In the following code, I have 2 nested for loops. The second one swaps the order of the for loops, and runs significantly faster.

Is this purely a cache locality issue (the first code loops over a vector many times, whereas the second code loops over the vector once), or is there something else that I'm not understanding?

int main() 
{ 
  using namespace std::chrono;
  auto n = 1 << 12;
  vector<int> v(n);

  high_resolution_clock::time_point t1 = high_resolution_clock::now();
  for(int i = 0; i < (1 << 16); ++i)
  {
    for(const auto val : v) i & val;
  }
  high_resolution_clock::time_point t2 = high_resolution_clock::now();
  duration<double> time_span = duration_cast<duration<double>>(t2 - t1);
  std::cout << "It took me " << time_span.count() << " seconds.";
  std::cout << std::endl;

  t1 = high_resolution_clock::now();
  for(const auto val : v)
  {
     for(int i = 0; i < (1 << 16); ++i) i & val;
  }
  t2 = high_resolution_clock::now();
  time_span = duration_cast<duration<double>>(t2 - t1);
  std::cout << "It took me " << time_span.count() << " seconds.";
  std::cout << std::endl;
}

Answer 1

As written, the second loop needs to read each val from vector v only once. The first version needs to read each val from vector v once in the inner loop for every i, so in total 65536 times.

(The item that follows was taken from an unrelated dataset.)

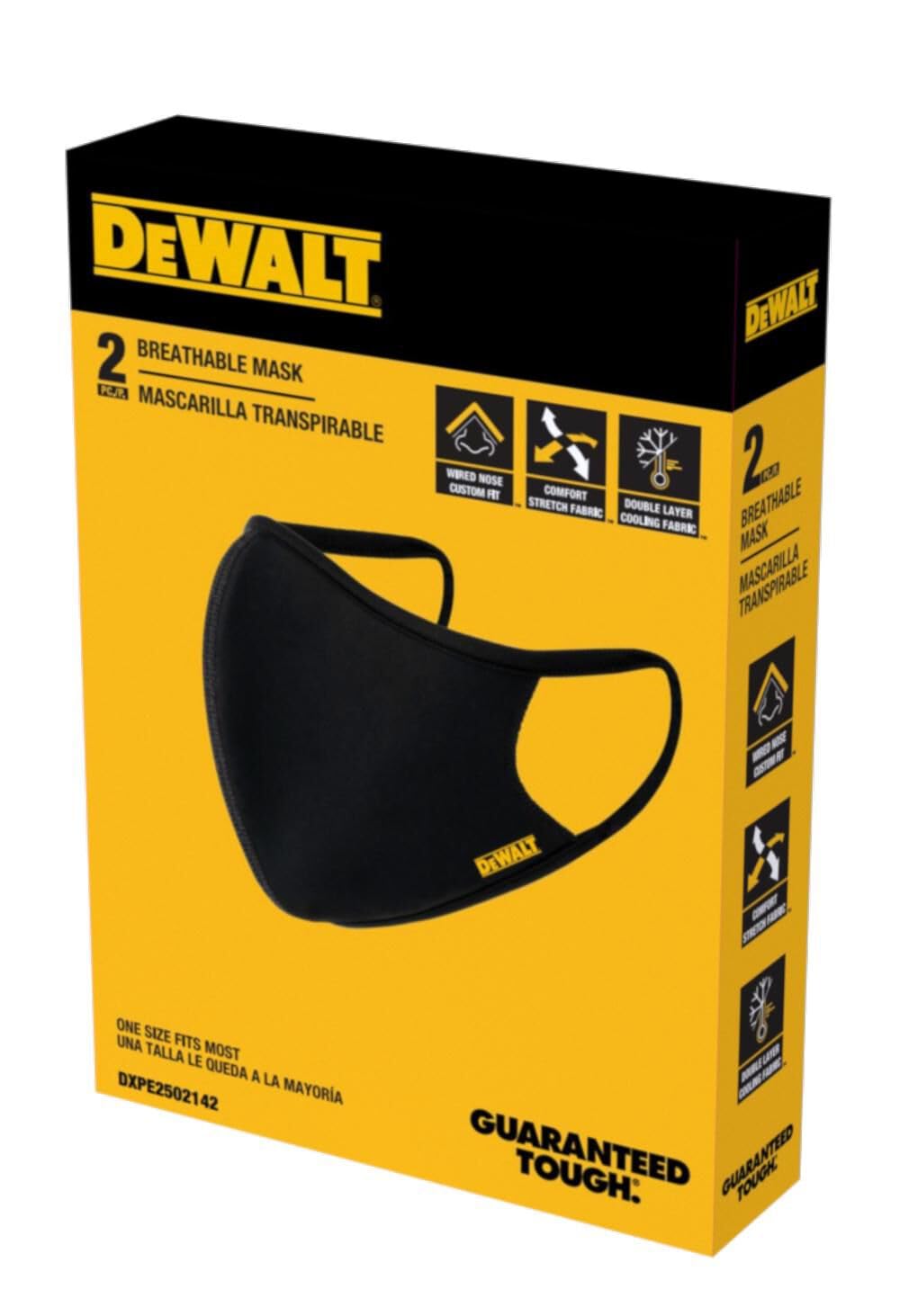 Foto 3 pulgar | Mascarillas Faciales De Tela Dewalt Ajustables Negras, Paquete De 2 - Venta Internacional.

So without any optimisation, this will make the second loop several times faster. With optimisation turned on high enough, the compiler will figure out that all these calculations achieve nothing, and are unnecessary, and throw them all away. Your execution times will then go down to zero.

If you change the code to do something with the results (like adding up all values i & val, then printing the total), a really good compiler may figure out that both pieces of code produce the same result and use the faster method for both cases.